The new Pope: Peace without weapons!
The first words of Pope Leo XIV. were: ‘Peace’ – specifically, ‘an unarmed and disarming peace.’
This is far more and decidedly more demanding than what Putin, Trump or even Netanyahu have understood by peace thus far. Will the US citizen and new Pope Leo XIV. now become an anti-Trump? The US president wrote to the new pope saying he was looking forward to their first meeting: that should be interesting.
Before his election, the current pope sharply criticised both President Trump and his deputy Vance for their xenophobic policies. Pope Francis had already said of Trump’s wall on the border with Mexico: ‘Those who build walls instead of bridges are not Christians.’ In his inaugural speech, Pope Leo XIV made a similar call for Christians to be ‘bridge builders.’ This also applies to most parties in Germany today, including those with the letter ‘C’ in their name.
Leo XIV. seems to want to be a pope in the tradition of his predecessor. With his new name, he is linking himself to the turning point in the Catholic Church when Pope Leo XIII. wrote the first social encyclical ‘Rerum novarum’ (‘On the New Things’) in 1891, the first official Catholic document on the labour question, which became the Magna Carta of Catholic social teaching against the backdrop of the industrial revolution of the 19th century. At the same time, it was a necessary confrontation with the social upheavals of socialism and liberalism. Earlier, in 1848, when Karl Marx published his Communist Manifesto, the ‘peasant pastor’ Wilhelm Ferdinand von Ketteler had drawn attention to the social question at the first German Catholic Congress and as a member of parliament in the Frankfurt Pauskirche. In doing so, the Catholic Church sought reconciliation with the modern world.
Bismarck later passed his social legislation at the urging of the newly formed trade unions and the SPD: financial provision for old age, unemployment and illness. This was the basis of the social market economy. It was not until later that Norbert Blüm, greatly inspired by Catholic social teaching, added nursing care insurance in Germany. In ‘Rerum novarum’, Leo XIII rightly complained about the often slave-like conditions of the working class, but at the same time spoke out against ‘class struggle’ and called for social responsibility on the part of capital and fair wages and state protection for workers.
The Catholic social doctrine was now based on personality, solidarity, subsidiarity (politics from the bottom up, i.e. the opposite of the previous approach), justice and (later) democracy. Rerum novarum is the mother of all Catholic social encyclicals and the mother of Catholic social doctrine. Forty years later, in 1931, shortly before the Nazi era, Pope Pius XI. expanded and deepened this teaching with his encyclical ‘Quadragesimo anno’.

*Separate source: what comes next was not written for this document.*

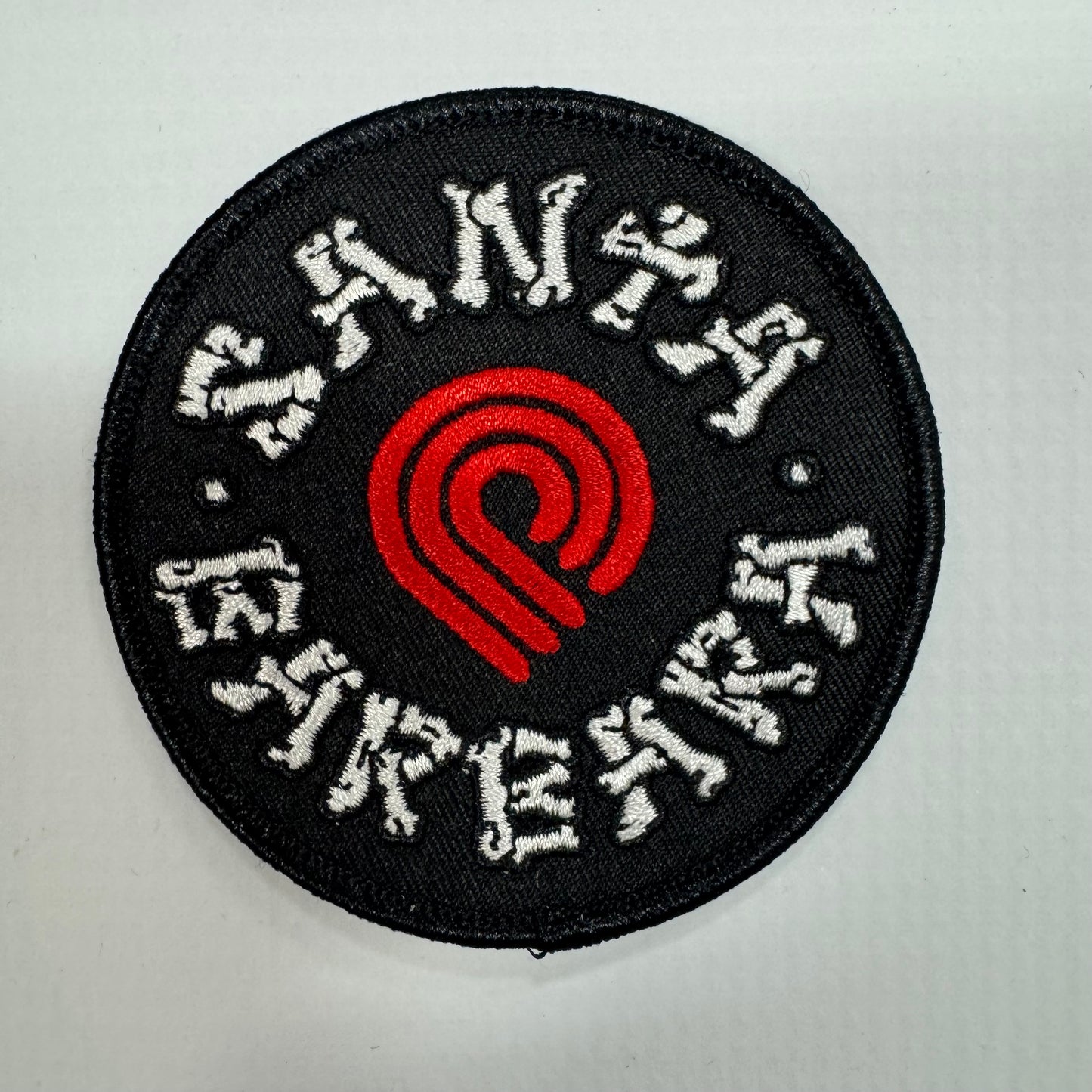 Santa Barbara Shop Patch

It is remarkable for the politicisation of the Catholic Church in the spirit of Jesus’ Sermon on the Mount that both Pope Francis and his current successor saw themselves as political popes in their choice of names. Francis named himself after Francis of Assisi, thereby professing his devotion to the saint of the poor and protector of nature, and Pope Leo XIV committed himself to the tradition of Catholic social teaching with his new name. Especially in his environmental encyclical Laudato si, Pope Francis emphasised climate and environmental policy in the spirit of Jesus and the preservation of creation, encouraging many governments to agree to the 2015 Paris Climate Agreement. It is good and important that the new pope continues to pursue this policy. Pope Francis on the current unjust capitalist world politics: ‘This economy kills.’ In Catholic social teaching, love of God, love of neighbour, love of the most distant and love of one’s enemies always belong together. This is its core essence. The current Pope also wrote this some time ago to US Vice President Vance.
Pope Francis and Pope Leo XIV. were active at the same time in Argentina and Peru, working for the poor and in pastoral care for the poor. They demonstrated in a very concrete and practical way how helpful a theology of liberation can be for the marginalised and disenfranchised. For this reason alone, the new Pope wants to continue to promote liberation theology and Catholic social teaching and to work for peace.
He announced this immediately after his election, to great applause from the 150,000 people gathered in St. Peter’s Square. The era of Italian popes is probably over. At least for the time being. Both Francis and Leo XIV are global popes who will be a great asset in our politically turbulent times.
The emancipated and equal position of women in the Church will be a prerequisite for success. The future of the Church is female. The male-dominated Church of the past is becoming increasingly discredited, at least in Europe and the USA. Only through a fraternal Church could the new Pope become something like the voice of the world’s conscience.